Powódź zalała praskie zoo. Zwierzęta ewakuowane

Praskie zoo pod wodąZoo Praha

Praskie zoo pod wodą. Przechodząca przez Wełtawę fala zalała część ogrodu zoologicznego i wymusiła ewakuację zwierząt. Straty sięgają już ponad 160 mln czeskich koron.

Powódź, która nawiedziła Pragę w ostatnich dniach, nie oszczędziła ogrodu zoologicznego, położonego w dzielnicy Troja na północy miasta. W zoo mieszka prawie 4,5 tysiąca zwierząt 690 różnych gatunków. Ogród zaliczany jest do najlepszych na świecie. Zalany został niżej położony rejon ogrodu. Część zwierząt musiała zostać przeniesiona na wyżej położony teren - w tym m.in. tygrysy, lwy morskie i pingwiny. - Niektóre zwierzęta będą musiały być przewiezione do innych miast, jak Pilsko i Liberec, bo nie mogą wrócić do swoich pawilonów - powiedział dyrektor zoo Miroslav Bobek. Jak szacuje, straty spowodowane przez powódź sięgają już 160 milionów czeskich koron, czyli ok. 26 mln zł.
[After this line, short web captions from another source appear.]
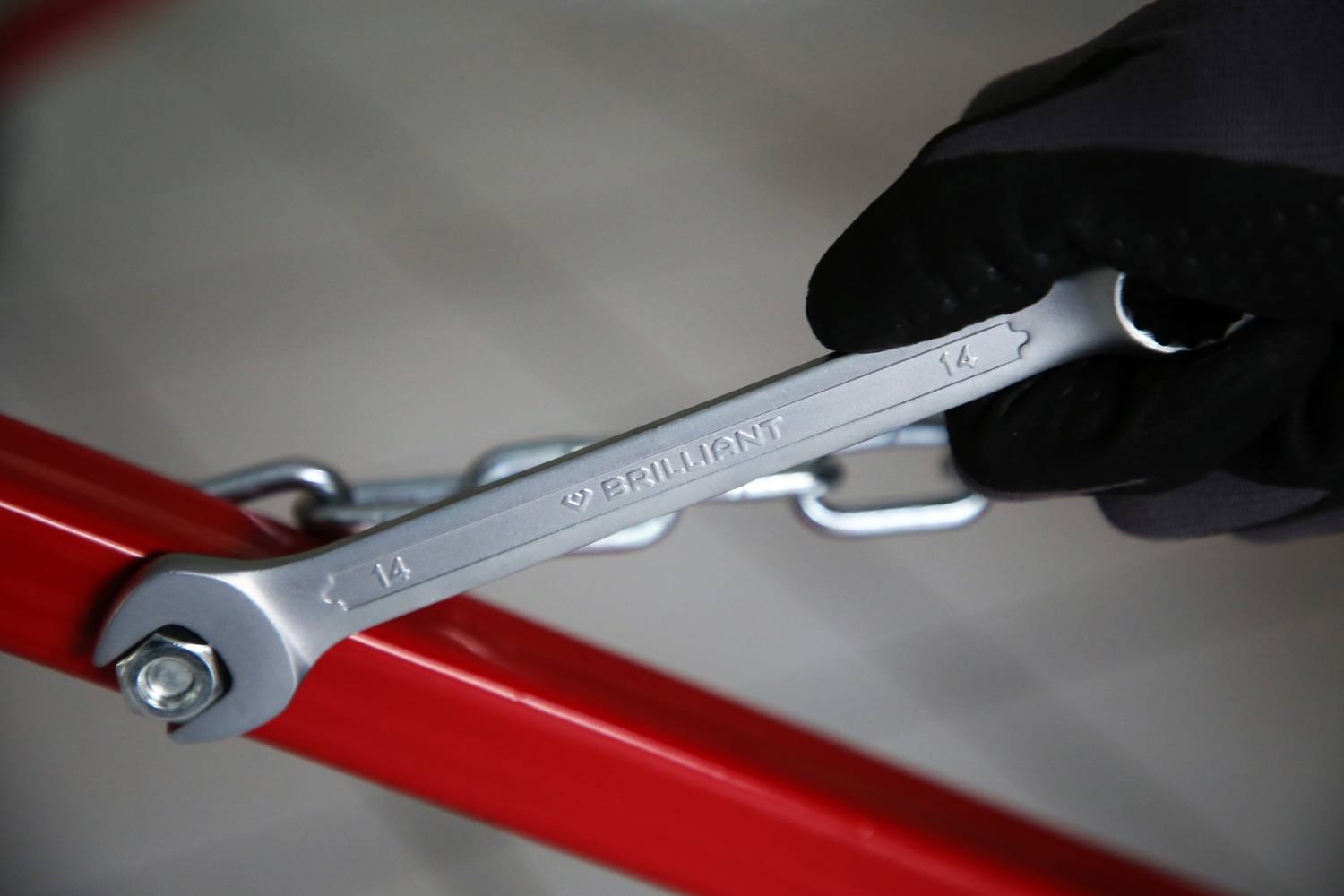 Eine Person mit einem schwarzen Handschuh zieht eine Schraube mit einem silbernen Schraubenschlüssel an, der auf 'BRILLIANT' markiert ist.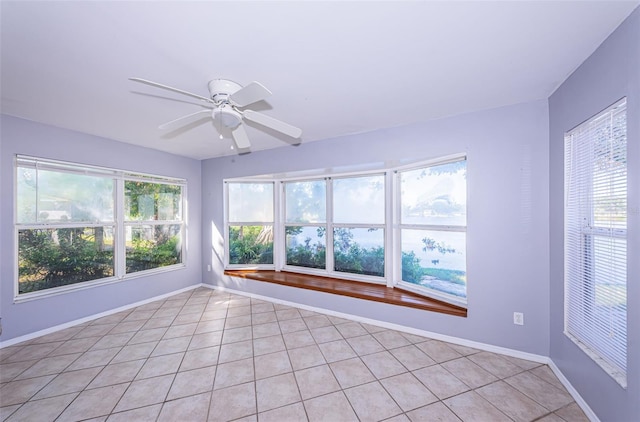 unfurnished room featuring baseboards, ceiling fan, plenty of natural light, and light tile patterned floors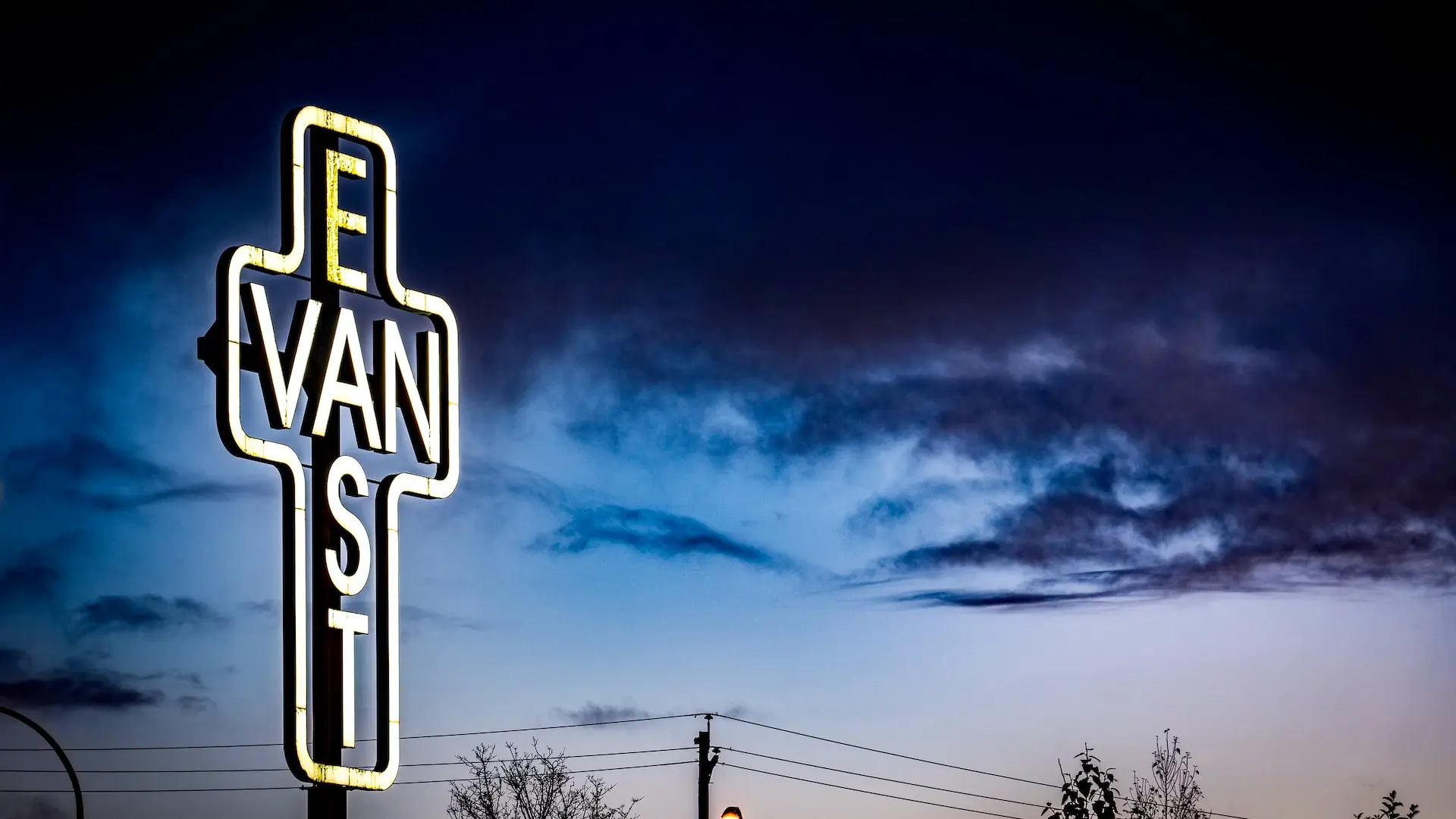 An illuminated cross with the words East Van against the night sky.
Tragiczna powódź, zginęły zwierzęta

Zoo zostało już kompletnie zalane 11 lat temu, w sierpniu 2002 roku. Wówczas straty sięgały ponad 230 mln koron, a wiele zwierząt nie przeżyło powodzi. Ogród stracił wówczas m.in. część gadów, słonia indyjskiego, goryla i lwa morskiego. Mieszkańcy ogrodu zostali dosłownie zmyci przez fale Wełtawy. Sprzątanie i naprawa uszkodzonych terenów trwały miesiącami. - Obecnie sytuacja jest bardzo podobna do tej sprzed 11 lat, chociaż woda nie jest tak wysoka - mówi Bobek. - Martwimy się o sprzęt i pawilony, którym grozi zniszczenie - dodał. Tym razem jednak udało się ocalić zwierzęta, które zaczęto przenosić na wyżej położony teren zanim fala kulminacyjna przeszła przez Pragę. Pracownicy zoo całą noc mieli pełne ręce roboty, Mimo zniszczeń, zoo będzie chciało otworzyć się dla zwiedzających jak najszybciej - być może już w środę. Na swojej stronie internetowej zamieściło też apel o finansową pomoc - wpłat można dokonywać na konto ogrodu lub za pomocą sms-a.